Buoni fruttiferi postali non rimborsati, spuntano nuovi casi in Toscana: perché la sentenza del Tar riaccende le speranze
Sono migliaia in Italia i risparmiatori che al momento dell’incasso si sono visti rifiutare il rimborso per intervenuta prescrizione
LUCCA. La recente sentenza del Tar del Lazio sui buoni postali a termine riaccende le speranze dei risparmiatori che si sono visti rifiutare il rimborso dei buoni fruttiferi postali prescritti. Si tratta della conferma del provvedimento dell’Autorità per la concorrenza ed il mercato che, già nel 2022, aveva condannato Poste italiane per aver collocato buoni postali a termine senza evidenziarne con chiarezza il termine di scadenza. Sei giorni fa i giudici amministrativi hanno ritenuto congrua la sanzione di un milione e 400mila euro già comminata dall’Autorità. Una pronuncia importante, che riconosce come le condotte attraverso cui Poste Italiane ha pubblicizzato, offerto e collocato sul mercato i buoni a termine sono state ingannevoli con omissioni legate alle informazioni sul termine di prescrizione ai titolari di buoni prossimi alla scadenza.
Migliaia di casi
Sono migliaia in Italia i risparmiatori – soprattutto tra gli over 70 – che al momento dell’incasso si sono visti rifiutare da Poste il rimborso per intervenuta prescrizione con conseguente perdita di capitale e interessi. E sono molteplici le sentenze di Primo grado Secondo grado a Montepulciano, Siena, Palmi, Parma, Verbania, Agrigento, Taranto, Monza e Milano.
Contenziosi a Lucca
Al giudice di pace di Lucca sono in corso una serie di procedimenti che saranno vagliati entro fine anno mentre uno è stato già definito a fine 2024 con una pensionata di Vorno uscita vincitrice ottenendo – a fronte di due buoni fruttiferi ventennali del valore di 500 euro ciascuno – un corrispettivo di tremila euro a cui vanno aggiunti gli interessi maturati. I due casi di pensionati della Lucchesia – entrambi assistiti dall’avvocato Francesco Giordano – che saranno esaminati dal giudice riguardano l’acquisto nel 2002 di due buoni da mille euro ciascuno. Questi effetti presentavano la dicitura “a termine”, ma senza specifica indicazione riguardo al periodo di maturazione di una ipotetica scadenza o riguardo una serie di altre indicazioni utili a rendere edotti i due pensionati sul termine esatto di scadenza, nemmeno in prossimità della invocata prescrizione.

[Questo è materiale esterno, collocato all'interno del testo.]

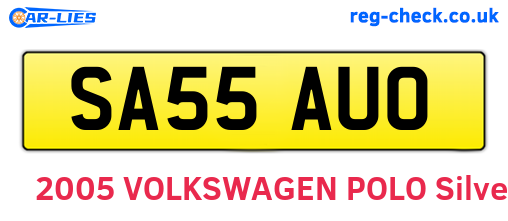 SA55AUO are the vehicle registration plates.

In pratica i due pensionati erano tenuti all’oscuro dell’approssimarsi della scadenza e della opportunità di procedere alla riscossione. Soltanto al momento della presentazione all’incasso, nel 2025, agli uffici postali, veniva opposta la prescrizione del diritto al rimborso perché, a giudizio degli impiegati, erano decorsi oltre 10 anni dalla scadenza.